Any picture in the data below should be skipped, while every line is repeated exactly.

──────── The data

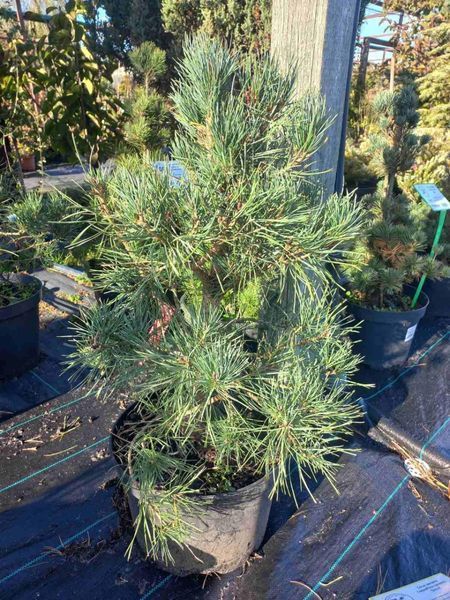 Сосна звичайна Глаука (Pinus sylvestris Glauca) 02.003.381 фото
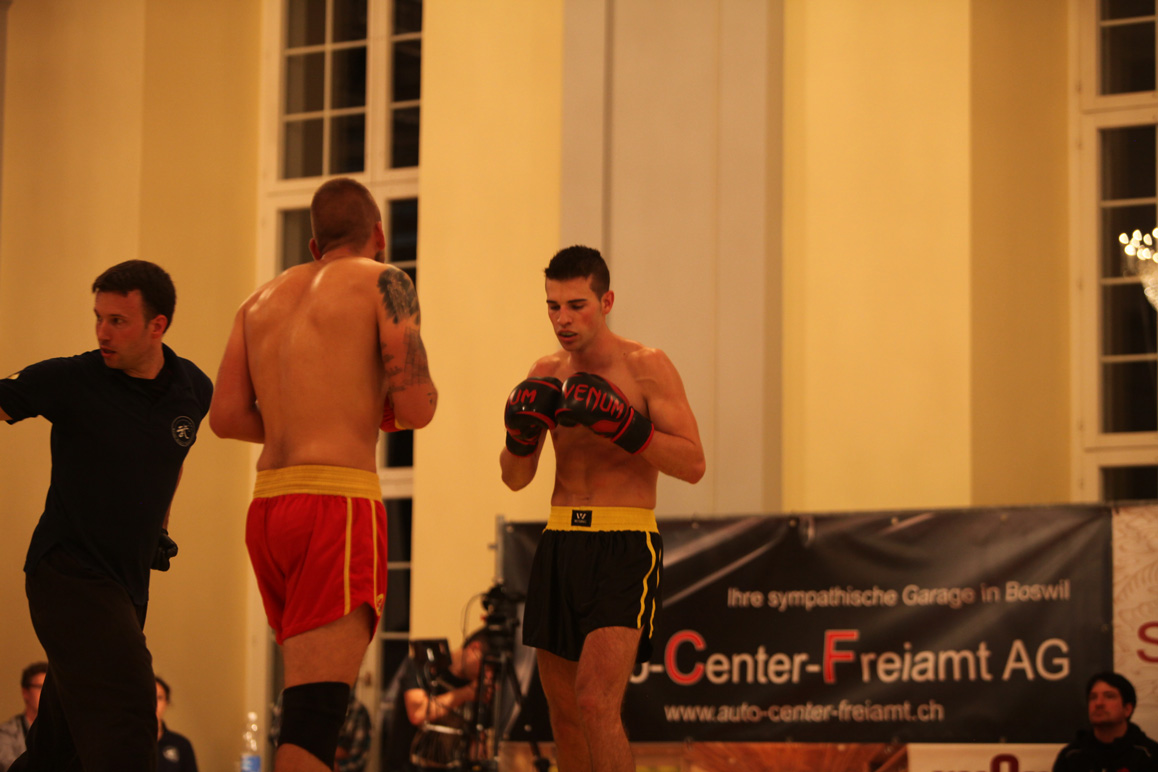 Sanda Fight Night 2016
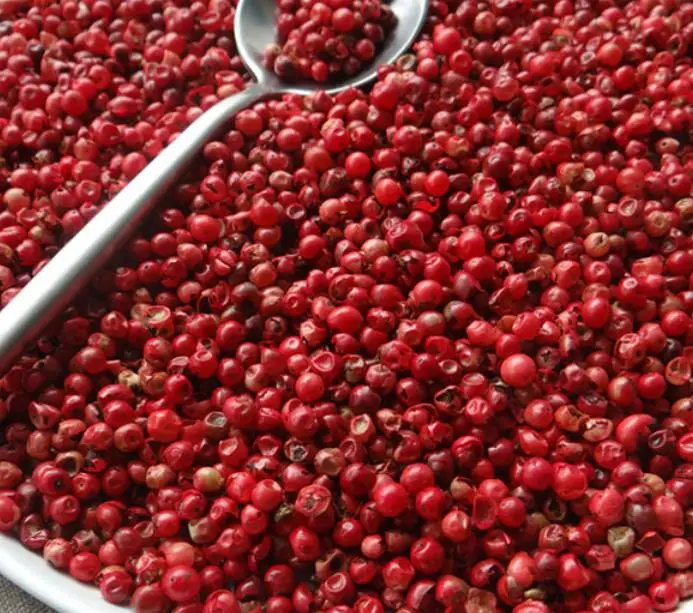 pink pepper whole - schinus terebinthifolius!000))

────────────────

## Answer space:
 Сосна звичайна Глаука (Pinus sylvestris Glauca) 02.003.381 фото
 Sanda Fight Night 2016
 pink pepper whole - schinus terebinthifolius!000))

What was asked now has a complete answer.